I have to move my blue acara into a 55 gallon and i am looking for advice for tank mates. More looking for dither type fish to keep the tank busy...thanks


----------



## lotsofish (Feb 28, 2008)

I added a large blue acara to my clown loach tank, and it was like a dither for the loaches. They come out much more now that the acara is in the tank. The other fish in the tank are long-fin rosy barbs, serpae tetras and ancistrus. All seem to be fine together.

A 55 might be too small for clown loaches but I suspect zebra loaches would do well.


----------



## japes (Jan 10, 2008)

In regards to dithers I would be extremely cautious to even use the larger, high bodied Tetra's such as Bleeding Heart and Serpae as Blue Acara's can be very predacious, particularly at night when the Tetra would settle.

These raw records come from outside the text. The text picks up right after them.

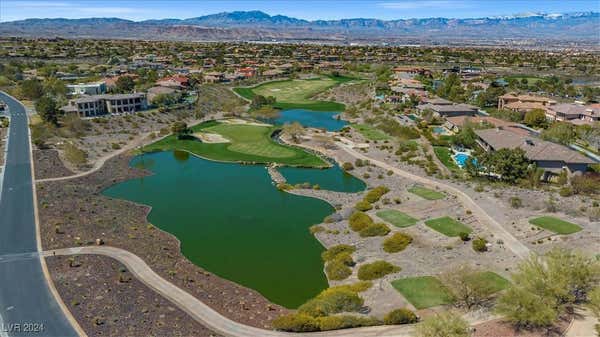 6 YORKRIDGE CT, HENDERSON, NV 89052, photo 2 of 99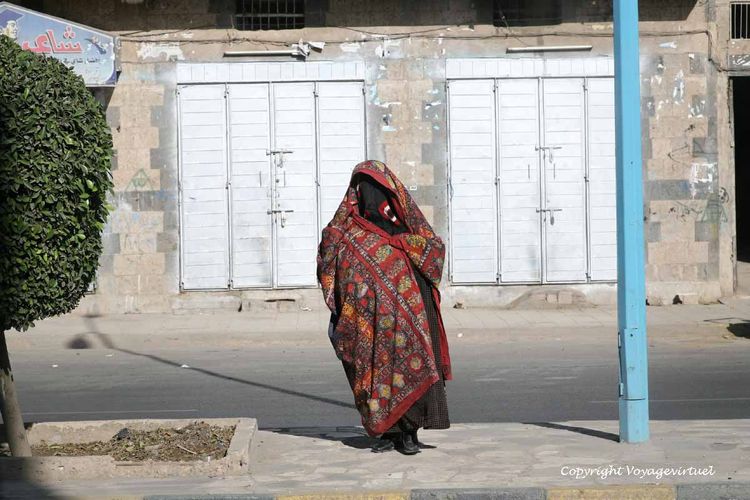 Dans une rue de Sana'a
Mots-clés: Sana'a Sanaa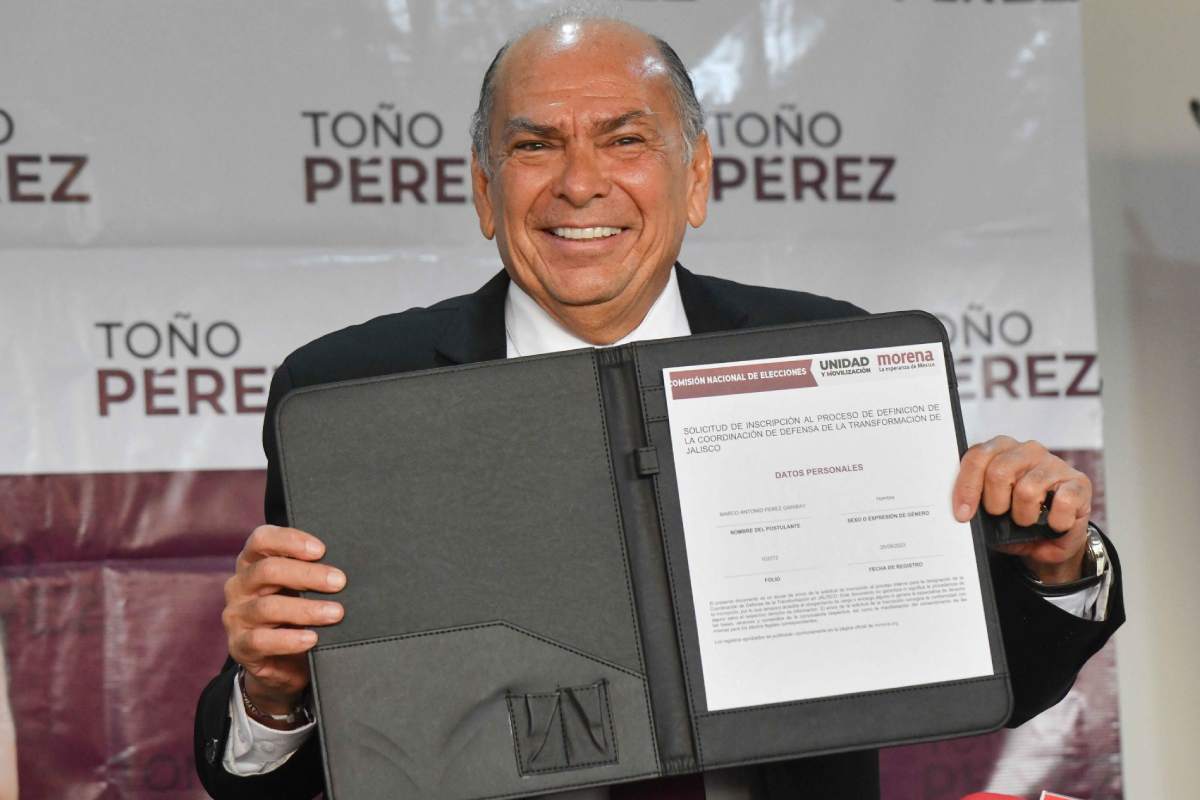 Antonio Pérez se registra como aspirante a la gubernatura de Jalisco por Morena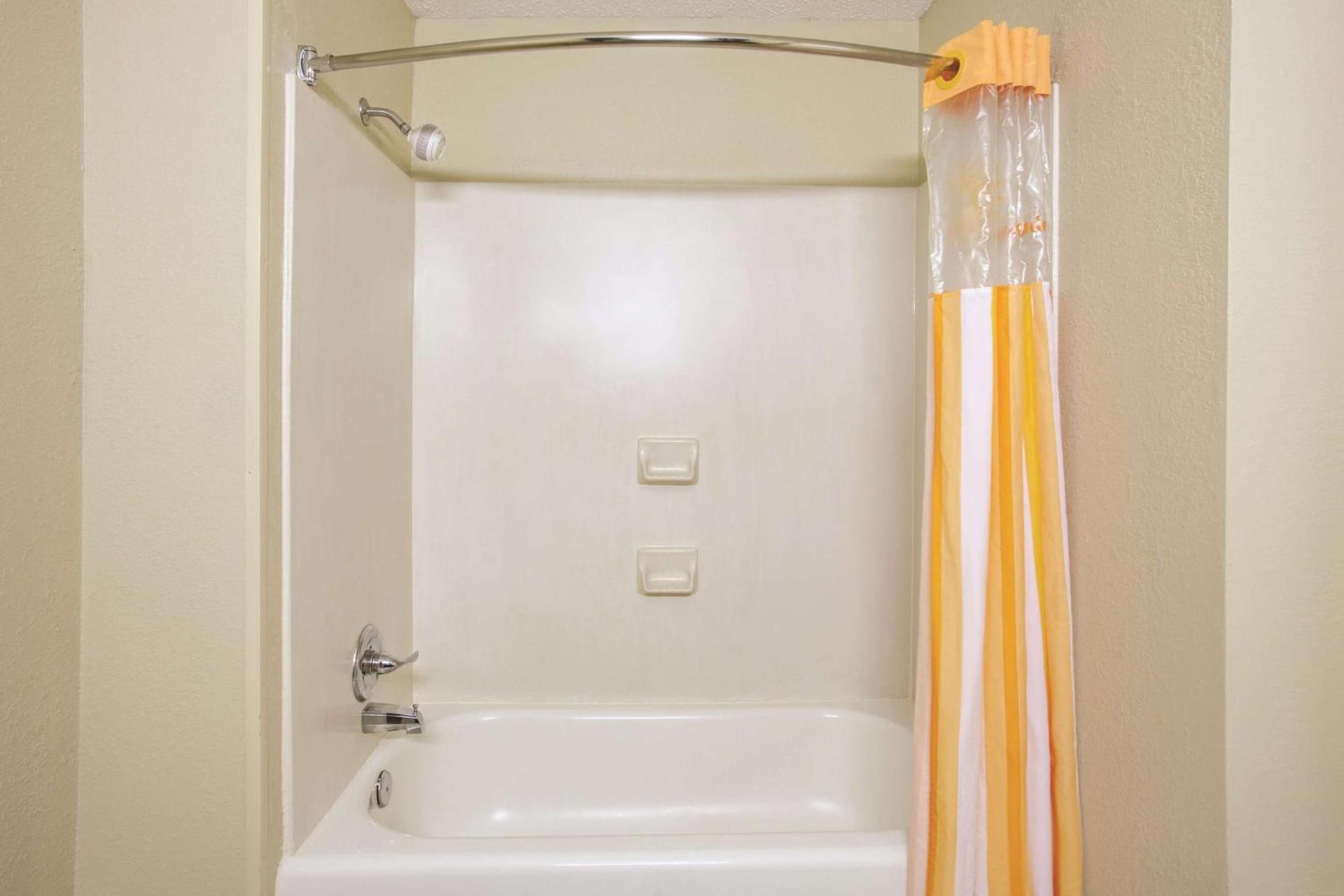La Quinta Inn by Wyndham Richmond South photo 25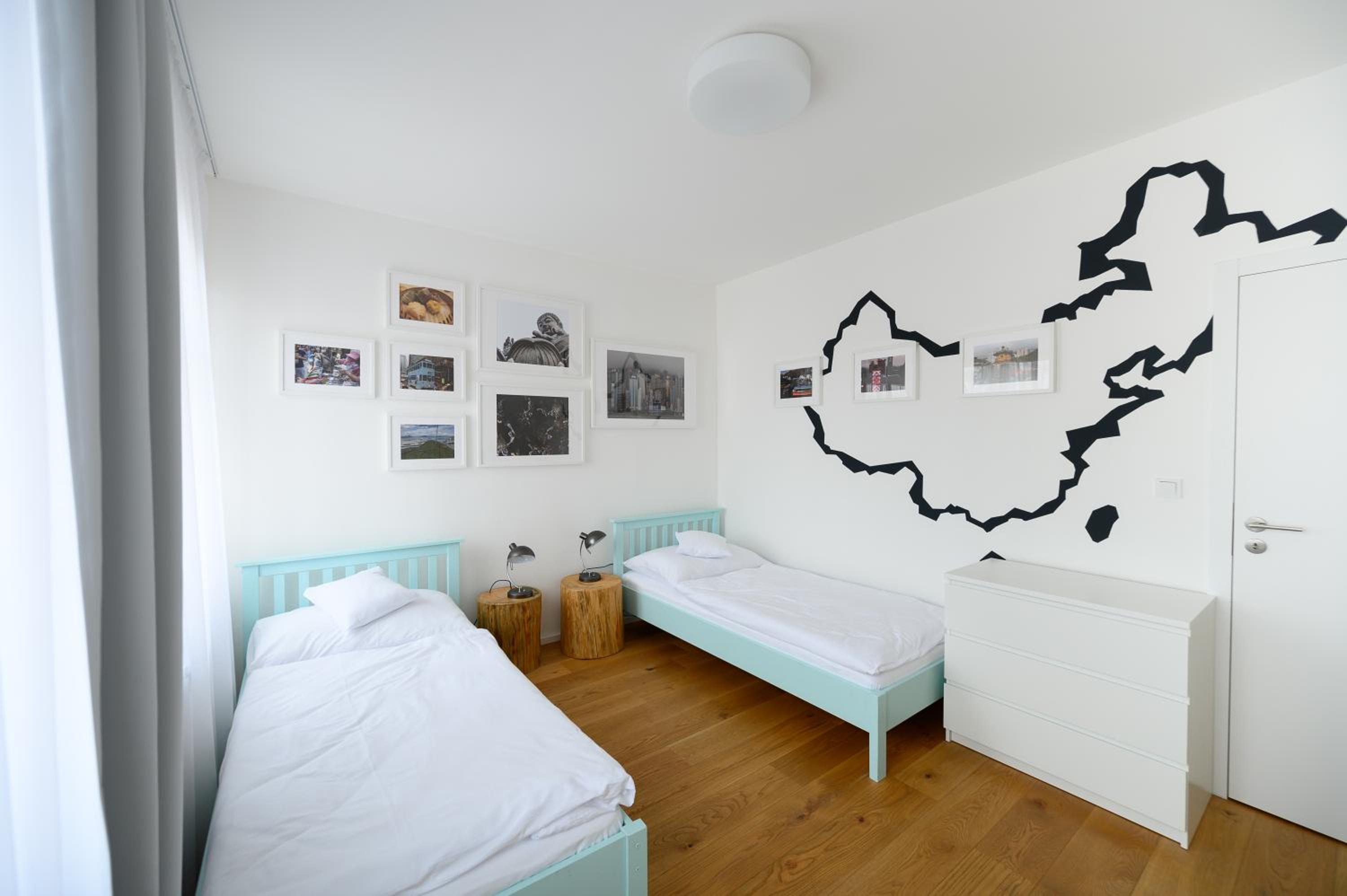 Světoběžník Bed & Wine
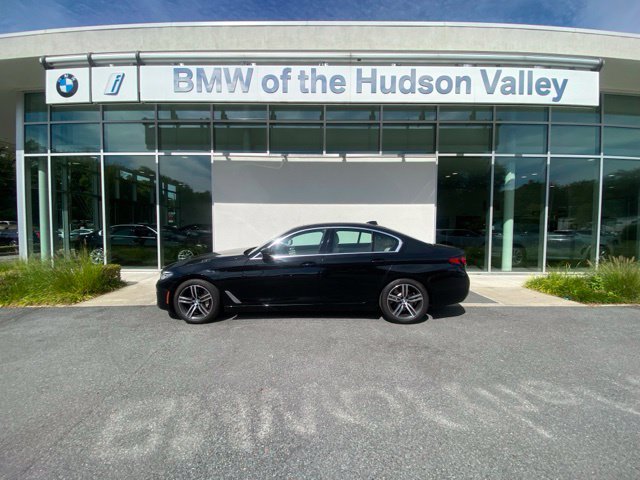 Used 2023 BMW 530i xDrive w/ Convenience Package AWD/4WD image 1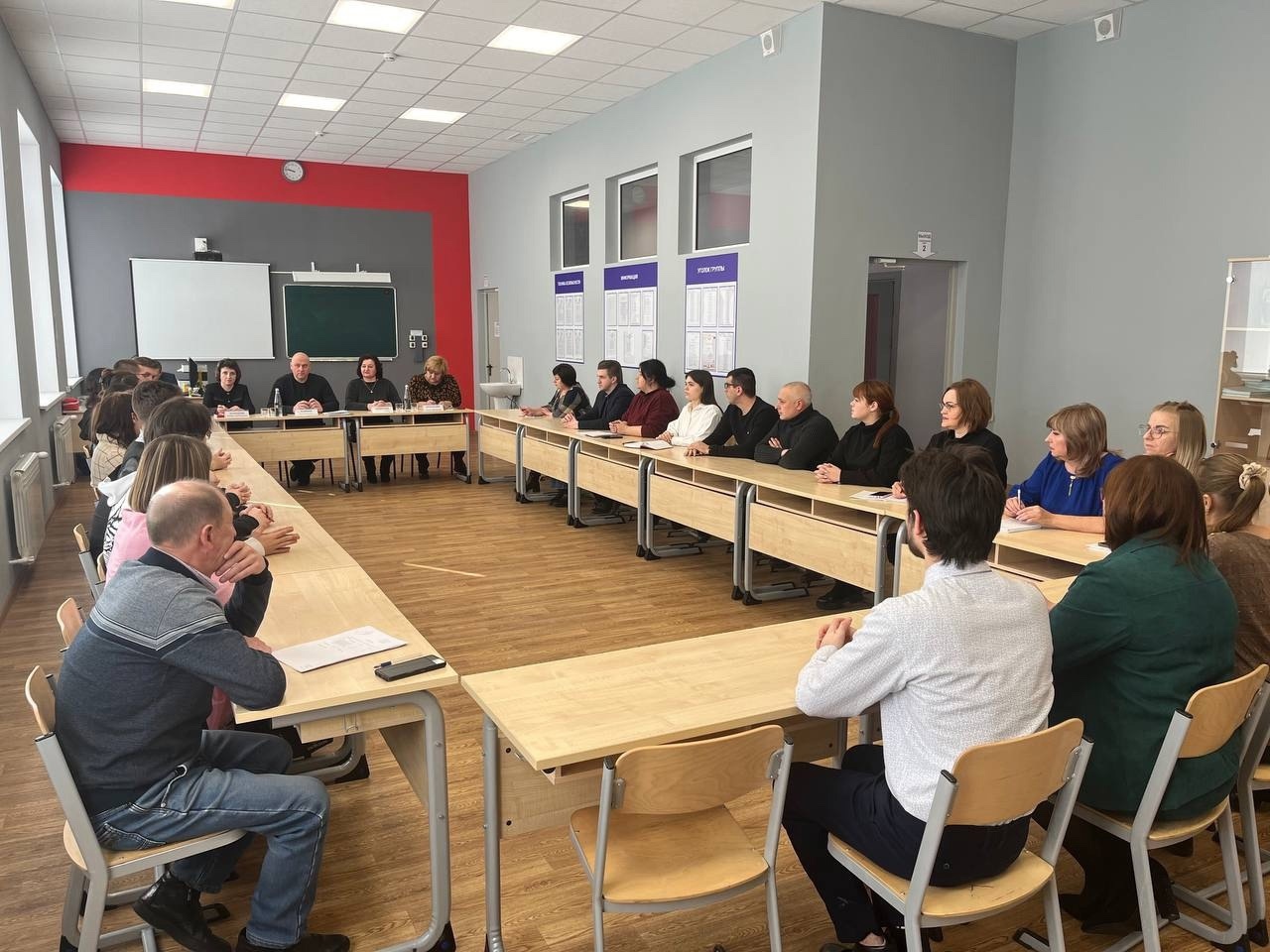 Глава администрации Ракитянского района Анатолий Климов провёл встречу в агротехнологическом техникуме.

Congo Tetras or possibly Columbian Blue-Flame Tetra (_Hyphessobrycon columbianus_ would work, and Clown Loaches would be suitable in that sized tank for at least a few years.


----------



## lotsofish (Feb 28, 2008)

He has such an angelic look. Don't tell me he might eat my tetras! Actually he's a picky eater but if I start missing tetras, he'll be the #1 suspect.


----------



## japes (Jan 10, 2008)

lotsofish said:


> He has such an angelic look. Don't tell me he might eat my tetras! Actually he's a picky eater but if I start missing tetras, he'll be the #1 suspect.


When I was brand spanking new into the hobby I brought back my lovely Blue Acara at about 2" and 8 Harlequin Rasboras. I had 3 left in the morning, and the rest were gone the next morning.

It was a relatively cheap way of finding out the hard way that Blue Acara's. although quite placid compared to a lot of Centrals, are very predatorial.


----------



## lotsofish (Feb 28, 2008)

I guess its a good thing mine is a picky eater. I've had him about 4 months now and so far, tetras haven't been a part of his diet. Of course, that doesn't mean he won't acquire a taste for them. Thanks for the warning.


----------



## ktluvsfish (Jan 13, 2008)

Awww he's such a cutie 

I have my blue acara with burmese border loaches and rainbows in a 75 gallon. So far I am really happy with my stock list.


----------